Buse & Weimer Metric
Contrary to the other readability formulas implemented in Readability Checker, B&W metric was developed to evaluate the readability of small code snippets.
Its authors conducted a study among 120 students, where they presented some code snippets ranging from 4 to 11 lines of code. The average number of lines of code was 7.7.
These code snippets didn’t include a full class definition, nor an entire method.
Implementation
In order to be able to use this metric to calculate the readability of entire Java files, Readability Checker uses the following approach:
- Load a Java file
- Split code of the file in blocks of 8 lines of code
- Calculate readability for each block of code (using tool developed by the metric authors)

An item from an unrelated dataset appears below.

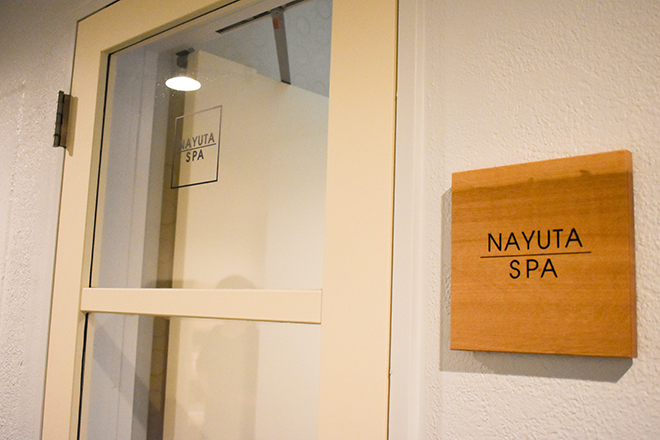 ナユタ スパ | 小田原のエステサロン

- Calculate the average readability of all the code blocks
The average readability of every code block in a Java file is the final readability value of that file.
Example
package example;
public class Example {
private static boolean isPrime(int num) {
if (num == 2) {
return true;
}
if (num < 2 || num % 2 == 0) {
return false;
}
for (int i = 3; i * i <= num; i += 2) {
if (num % i == 0) {
return false;
}
}
return true;
}
}
This example would be splitted in three blocks of code:
- First block from lines 1 to 8 ->
package example;
to}
with readability value 0.99 - Second block from lines 9 to 16 ->
if (num < 2 || num % 2 == 0) {
to}
with readability value 0.67 - Third block from lines 17 to 20 ->
return true;
to}
with readability value 0.99
The average value is 0.88, thus that is the readability value for the presented code.